Data Synthesis#
The oumi synth command enables you to generate synthetic datasets using large language models. Instead of manually creating training data, you can define rules and templates that automatically generate diverse, high-quality examples.
What You Can Build#
Question-Answer datasets for training chatbots
Instruction-following datasets with varied complexity levels
Domain-specific training data (legal, medical, technical)
Conversation datasets with different personas or styles
Data augmentation to expand existing small datasets
How It Works#
The synthesis process follows three steps:
Define attributes - What varies in your data (topic, difficulty, style, etc.)
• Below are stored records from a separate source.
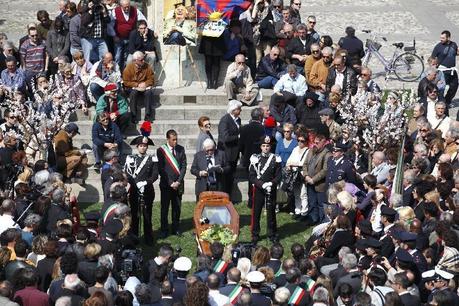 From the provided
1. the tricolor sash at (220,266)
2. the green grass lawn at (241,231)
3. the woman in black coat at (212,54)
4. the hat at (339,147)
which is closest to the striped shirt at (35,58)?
the woman in black coat at (212,54)

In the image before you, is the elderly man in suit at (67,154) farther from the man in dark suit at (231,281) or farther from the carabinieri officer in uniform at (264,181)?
the man in dark suit at (231,281)

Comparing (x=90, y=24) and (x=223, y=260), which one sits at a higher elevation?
(x=90, y=24)

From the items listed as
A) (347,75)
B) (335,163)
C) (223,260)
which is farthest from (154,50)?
(223,260)

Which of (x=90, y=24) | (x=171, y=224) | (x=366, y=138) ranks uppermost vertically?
(x=90, y=24)

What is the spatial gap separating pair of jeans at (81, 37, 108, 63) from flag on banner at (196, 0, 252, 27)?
75.3 inches

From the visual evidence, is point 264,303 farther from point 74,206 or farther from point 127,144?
point 127,144

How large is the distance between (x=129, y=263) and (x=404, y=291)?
146 inches

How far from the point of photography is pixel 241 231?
71.1 ft

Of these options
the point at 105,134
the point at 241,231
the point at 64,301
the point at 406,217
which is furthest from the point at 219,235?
the point at 64,301

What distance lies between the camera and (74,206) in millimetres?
19484

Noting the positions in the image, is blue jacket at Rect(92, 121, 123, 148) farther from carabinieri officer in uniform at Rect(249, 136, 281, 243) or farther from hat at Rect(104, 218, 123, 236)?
hat at Rect(104, 218, 123, 236)

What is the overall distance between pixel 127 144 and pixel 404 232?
25.5 feet

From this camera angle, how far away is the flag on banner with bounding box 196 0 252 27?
24719 mm

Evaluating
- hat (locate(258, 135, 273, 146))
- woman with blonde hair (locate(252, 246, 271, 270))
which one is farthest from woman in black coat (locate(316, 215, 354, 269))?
hat (locate(258, 135, 273, 146)) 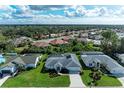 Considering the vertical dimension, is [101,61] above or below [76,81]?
above

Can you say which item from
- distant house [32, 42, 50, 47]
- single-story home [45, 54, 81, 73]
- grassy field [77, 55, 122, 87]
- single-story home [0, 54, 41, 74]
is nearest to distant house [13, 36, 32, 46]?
distant house [32, 42, 50, 47]

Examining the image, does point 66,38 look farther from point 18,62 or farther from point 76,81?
point 18,62

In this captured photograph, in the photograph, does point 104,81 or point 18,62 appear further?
point 18,62

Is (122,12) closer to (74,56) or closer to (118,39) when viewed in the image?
(118,39)

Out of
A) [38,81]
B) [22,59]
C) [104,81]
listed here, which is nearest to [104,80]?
[104,81]

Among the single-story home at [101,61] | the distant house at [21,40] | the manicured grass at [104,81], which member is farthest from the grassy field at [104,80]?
the distant house at [21,40] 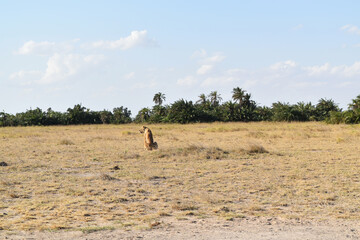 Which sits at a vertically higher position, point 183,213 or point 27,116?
point 27,116

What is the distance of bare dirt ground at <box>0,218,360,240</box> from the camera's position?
21.5ft

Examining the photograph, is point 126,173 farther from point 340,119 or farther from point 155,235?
point 340,119

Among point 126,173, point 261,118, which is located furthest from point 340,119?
point 126,173

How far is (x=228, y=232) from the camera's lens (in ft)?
22.2

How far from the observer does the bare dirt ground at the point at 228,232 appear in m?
6.54

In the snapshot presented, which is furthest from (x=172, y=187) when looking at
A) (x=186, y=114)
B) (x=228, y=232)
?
(x=186, y=114)

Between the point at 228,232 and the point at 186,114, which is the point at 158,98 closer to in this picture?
the point at 186,114

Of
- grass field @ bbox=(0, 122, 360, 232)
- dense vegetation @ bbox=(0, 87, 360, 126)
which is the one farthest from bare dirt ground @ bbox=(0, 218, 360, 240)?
dense vegetation @ bbox=(0, 87, 360, 126)

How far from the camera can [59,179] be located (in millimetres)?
12023

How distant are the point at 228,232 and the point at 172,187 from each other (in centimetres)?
414

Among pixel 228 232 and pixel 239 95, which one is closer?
pixel 228 232

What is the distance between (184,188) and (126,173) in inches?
116

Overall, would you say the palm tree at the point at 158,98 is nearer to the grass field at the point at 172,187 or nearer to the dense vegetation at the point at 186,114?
the dense vegetation at the point at 186,114

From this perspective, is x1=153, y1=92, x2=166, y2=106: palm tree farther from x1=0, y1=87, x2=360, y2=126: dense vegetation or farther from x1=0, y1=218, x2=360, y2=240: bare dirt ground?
x1=0, y1=218, x2=360, y2=240: bare dirt ground
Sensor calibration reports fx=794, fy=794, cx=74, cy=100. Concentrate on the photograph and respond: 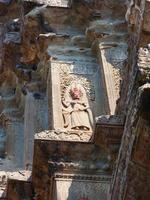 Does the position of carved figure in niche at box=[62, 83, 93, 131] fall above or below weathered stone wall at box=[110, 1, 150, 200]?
below

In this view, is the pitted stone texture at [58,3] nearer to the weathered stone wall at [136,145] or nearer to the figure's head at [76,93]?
the figure's head at [76,93]

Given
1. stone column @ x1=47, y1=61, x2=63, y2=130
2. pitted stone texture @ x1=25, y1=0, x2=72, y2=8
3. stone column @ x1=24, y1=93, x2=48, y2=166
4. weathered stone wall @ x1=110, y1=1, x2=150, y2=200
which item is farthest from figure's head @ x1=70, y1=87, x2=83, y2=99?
weathered stone wall @ x1=110, y1=1, x2=150, y2=200

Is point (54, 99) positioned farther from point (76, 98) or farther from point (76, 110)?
point (76, 110)

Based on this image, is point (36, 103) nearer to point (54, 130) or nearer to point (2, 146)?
point (2, 146)

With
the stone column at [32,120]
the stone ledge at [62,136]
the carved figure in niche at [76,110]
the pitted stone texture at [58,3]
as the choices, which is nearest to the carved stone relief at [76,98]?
the carved figure in niche at [76,110]

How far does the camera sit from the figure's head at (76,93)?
12.3 meters

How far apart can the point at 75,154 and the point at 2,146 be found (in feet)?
20.8

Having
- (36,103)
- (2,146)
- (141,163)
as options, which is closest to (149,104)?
(141,163)

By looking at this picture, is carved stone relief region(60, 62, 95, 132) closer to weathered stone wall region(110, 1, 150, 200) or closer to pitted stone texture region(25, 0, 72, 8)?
pitted stone texture region(25, 0, 72, 8)

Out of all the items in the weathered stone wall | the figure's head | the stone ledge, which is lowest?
the stone ledge

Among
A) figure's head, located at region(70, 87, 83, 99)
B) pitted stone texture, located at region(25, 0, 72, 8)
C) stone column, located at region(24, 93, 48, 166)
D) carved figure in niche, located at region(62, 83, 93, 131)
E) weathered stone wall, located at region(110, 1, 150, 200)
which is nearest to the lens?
weathered stone wall, located at region(110, 1, 150, 200)

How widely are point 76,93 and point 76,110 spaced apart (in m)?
0.49

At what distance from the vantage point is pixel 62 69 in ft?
43.4

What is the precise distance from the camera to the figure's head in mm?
12328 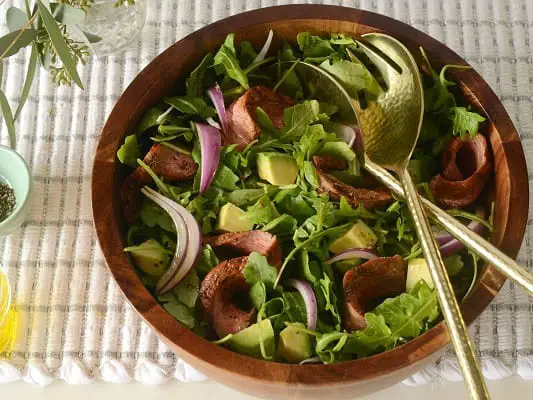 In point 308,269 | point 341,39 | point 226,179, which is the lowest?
point 308,269

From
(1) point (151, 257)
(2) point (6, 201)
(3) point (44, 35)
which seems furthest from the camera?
(2) point (6, 201)

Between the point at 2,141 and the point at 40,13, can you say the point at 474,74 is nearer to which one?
the point at 40,13

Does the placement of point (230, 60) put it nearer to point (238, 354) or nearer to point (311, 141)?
point (311, 141)

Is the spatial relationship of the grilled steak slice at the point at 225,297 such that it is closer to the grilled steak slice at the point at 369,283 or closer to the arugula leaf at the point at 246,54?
the grilled steak slice at the point at 369,283

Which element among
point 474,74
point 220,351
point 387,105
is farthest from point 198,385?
point 474,74

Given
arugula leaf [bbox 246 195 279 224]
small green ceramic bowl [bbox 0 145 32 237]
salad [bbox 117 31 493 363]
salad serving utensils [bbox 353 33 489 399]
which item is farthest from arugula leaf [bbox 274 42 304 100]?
small green ceramic bowl [bbox 0 145 32 237]

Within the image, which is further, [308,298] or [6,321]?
[6,321]

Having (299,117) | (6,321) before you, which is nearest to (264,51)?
(299,117)
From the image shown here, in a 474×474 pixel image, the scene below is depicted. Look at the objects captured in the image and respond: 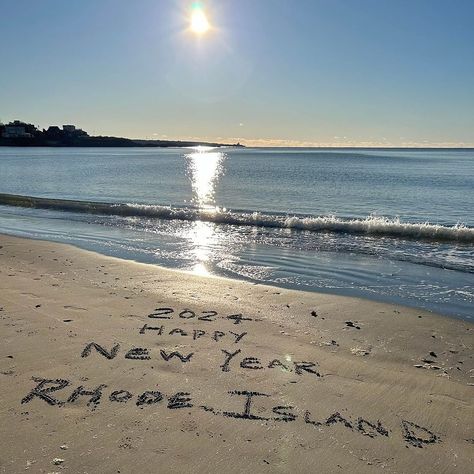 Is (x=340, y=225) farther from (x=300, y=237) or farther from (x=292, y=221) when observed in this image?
(x=300, y=237)

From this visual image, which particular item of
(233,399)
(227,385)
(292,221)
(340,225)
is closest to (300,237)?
(340,225)

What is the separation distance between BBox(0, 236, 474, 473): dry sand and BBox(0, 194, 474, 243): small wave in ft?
27.3

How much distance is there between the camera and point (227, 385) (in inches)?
165

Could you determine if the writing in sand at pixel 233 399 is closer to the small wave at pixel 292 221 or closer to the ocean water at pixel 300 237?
the ocean water at pixel 300 237

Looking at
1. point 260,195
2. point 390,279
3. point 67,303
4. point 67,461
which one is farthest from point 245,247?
point 260,195

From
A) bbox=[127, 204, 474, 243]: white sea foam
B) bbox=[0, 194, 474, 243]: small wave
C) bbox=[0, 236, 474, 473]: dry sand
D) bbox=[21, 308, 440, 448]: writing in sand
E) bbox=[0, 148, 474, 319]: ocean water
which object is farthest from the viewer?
bbox=[0, 194, 474, 243]: small wave

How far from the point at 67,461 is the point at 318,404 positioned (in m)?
2.05

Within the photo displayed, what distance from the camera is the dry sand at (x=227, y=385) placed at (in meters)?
3.24

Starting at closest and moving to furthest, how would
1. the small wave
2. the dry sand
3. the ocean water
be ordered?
1. the dry sand
2. the ocean water
3. the small wave

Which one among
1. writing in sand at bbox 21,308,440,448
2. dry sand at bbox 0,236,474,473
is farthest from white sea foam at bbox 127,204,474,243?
writing in sand at bbox 21,308,440,448

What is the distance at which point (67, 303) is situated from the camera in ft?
21.2

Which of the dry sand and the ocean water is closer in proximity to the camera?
the dry sand

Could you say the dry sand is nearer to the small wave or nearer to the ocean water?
the ocean water

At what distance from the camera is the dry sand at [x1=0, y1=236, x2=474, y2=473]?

Create templates - How the AI should generate content using those attributes
Generate samples - The system creates many examples by combining different attribute values
Your First Synthesis#
Let’s create a simple question-answer dataset. Save this as my_first_synth.yaml:
# Generate 10 geography questions
strategy: GENERAL
num_samples: 10
output_path: geography_qa.jsonl
strategy_params:
# Give the AI an example to learn from
input_examples:
- examples:
- example_question: "What is the capital of France?"
# Define what should vary across examples
sampled_attributes:
- id: difficulty
name: Difficulty Level
description: How challenging the question should be
possible_values:
- id: easy
name: Easy
description: Basic facts everyone should know
- id: hard
name: Hard
description: Detailed knowledge for experts
# Tell the AI how to generate questions and answers
generated_attributes:
- id: question
instruction_messages:
- role: SYSTEM
content: "You are a geography teacher creating quiz questions. Example: {example_question}"
- role: USER
content: "Create a {difficulty} geography question. Write the question only, not the answer."
- id: answer
instruction_messages:
- role: SYSTEM
content: "You are a helpful AI assistant."
- role: USER
content: "{question}"
# Configure which AI model to use
inference_config:
model:
model_name: claude-3-5-sonnet-20240620
engine: ANTHROPIC
Run it with:
oumi synth -c my_first_synth.yaml
What happens: The system will create 10 geography questions, some easy and some hard, saved to geography_qa.jsonl.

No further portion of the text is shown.